Mark Eckman, MD, professor of medicine at UC and lead investigator of the study, noted that the use of genetic testing for warfarin use in AF patients was suggested in labeling changes for the drug made by the FDA in 2007. But he told Diagnostics & Imaging Week that the study indicated that this particular application is clearly not standard of care, "at this point."
He summarized the conclusions by citing the high expense of the test (quoted in the study as, on average, $400, along with a range of expenses for associated medical care and follow-up), noting also that the test is often not readily available and that delays in test results mean delayed delivery of therapy.
Overall, the study concludes that use of the test, while providing better outcomes for some patients, translates to a cost of $170,000 for every Quality-Adjusted Life Year (QALY).
He declined to address the question of whether an emphasis on cost-effectiveness studies would block use of pharmacogenetic testing for patients. But he said that the new study addresses the efficacy of test use, not just cost.
He went on to explain the basis for the pharmacogenetic approach in this case:
"There are certain genes that are known to contribute to an increased sensitivity to warfarin," he said, and that the genetic testing is intended to "help guide the initial, and possibly lower, dose of warfarin for patients found to possess certain variants of the genes cytochrome P450 CYP2C9 and vitamin K epoxide reductase, or VKORC1."
The researchers performed a meta-analysis of the clinical studies published to date to determine the degree to which pharmacogenetic-guided dosing decreases major bleeds in this particular patient group, when compared with standard induction of treatment with warfarin.
But there are only three such studies, and the analysis concludes that the "putative reduction" of bleeding found in those studies was not statistically significant.

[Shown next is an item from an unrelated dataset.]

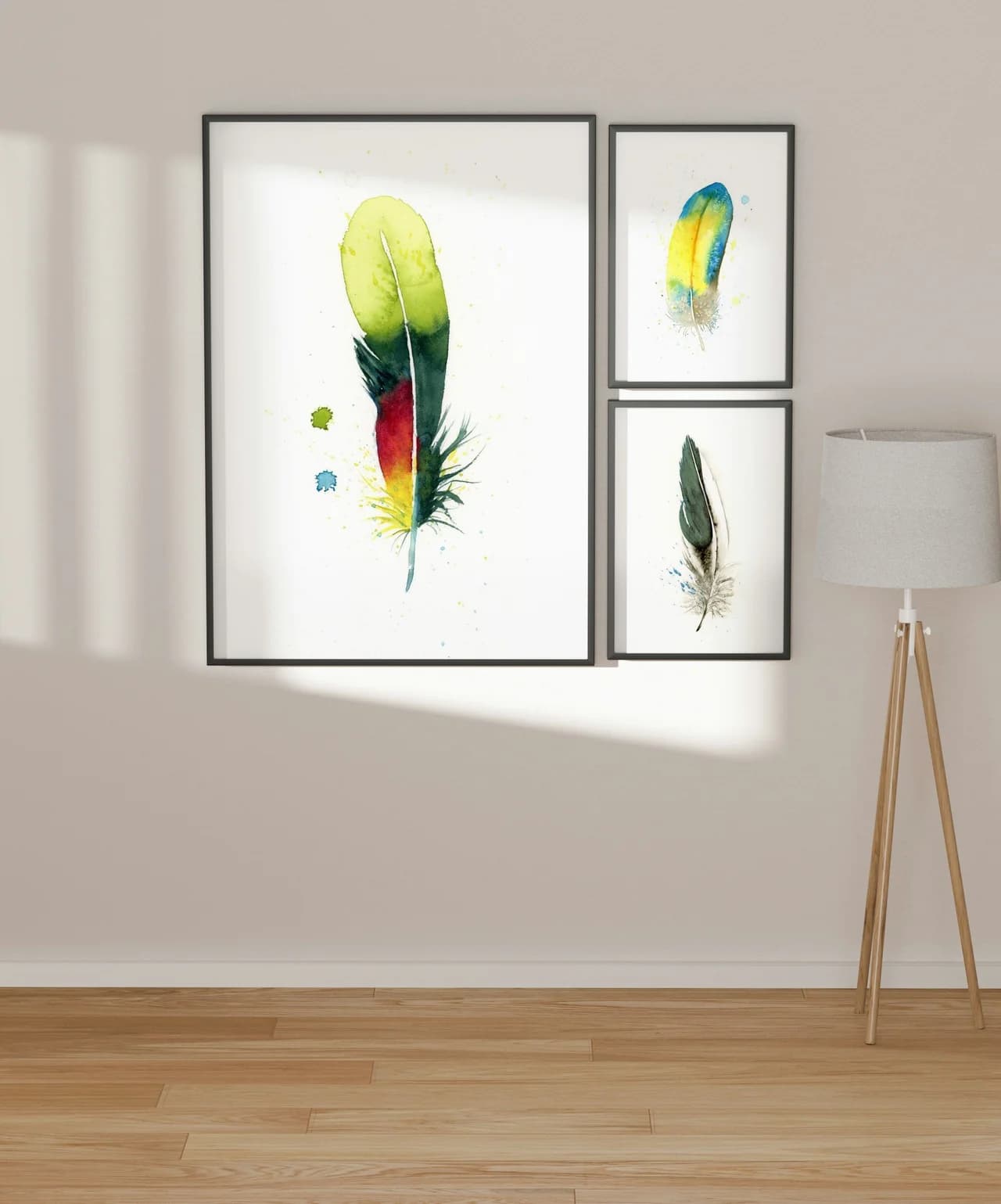 Scarlet Macaw shown in a room setting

And in the conclusion of their study, the researchers make a variety of recommendations for validating the robustness of future studies, "such as the COAG trial funded by the National Institutes of Health" to determine the usefulness of this type of testing, looking, for instance, at "duration of benefit."

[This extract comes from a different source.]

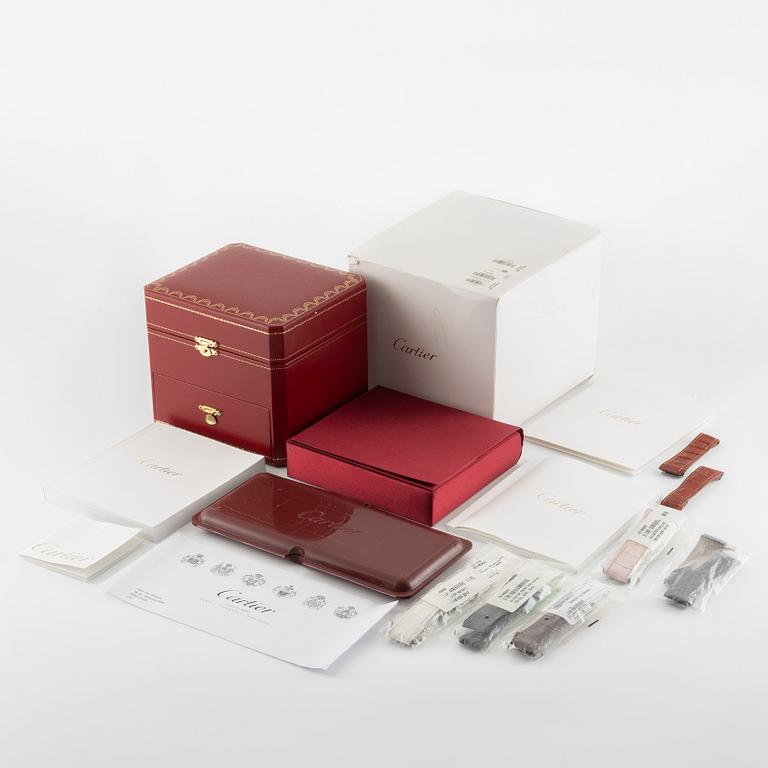 Cartier, Santos 100, "Diamond Paved Case", ca 2010.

In the cost-analysis portion of the study, the researchers say that the $170,000-per-QALY cost of using the test is far above the "willingness-to-pay threshold of $50,000 per QALY."
The study conclusions also note that before publication of the three studies, examined in the meta-analysis, one estimate put the savings resulting from wafarin pharmacogenomics at $1.1 billion per year in the U.S.

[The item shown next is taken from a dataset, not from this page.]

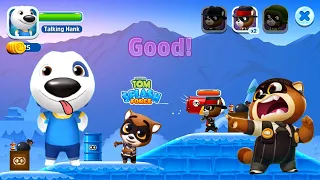 TALKING TOM SPLASH FIGHT GAME - RACCOON AND HANK ENJOY FULL SCREEN GAMEPLAY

"In retrospect," the study states, "many of the assumptions [of that estimate] were optimistic."
While the study concludes that genotype-guided dosing results in better outcomes for some, it estimates only a 10% chance that this strategy is likely to be cost-effective.
Eckman said that the pharmacogenetics strategy in this case could ultimately be worth the costs, based on a variety of "ifs." These are:
• If the test is used for patients at high risk for hemorrhage.
• If it prevents more than 32% of major bleeding events.
• If the results are available within 24 hours.
• And if it costs less than $200.
"This could be accomplished if testing were done in-house, at lower cost and without delays," he said, noting that currently these tests usually need to be sent to outside laboratories and thus can lead to delays in starting treatment and increased cost.
Eckman also suggested that rather than excluding patients at higher risk for bleeding, studies should offer enrollment if it has already been determined that these patients require warfarin.
He said he did not want this study to be generalized to all pharmacogenetics strategies, but that it could be considered helpful as a model and a "very logical way to approach" understanding the value of this type of testing.
He also declined setting any sort of timeframe for the maturation of pharmaco-genetic analysis into standard of care.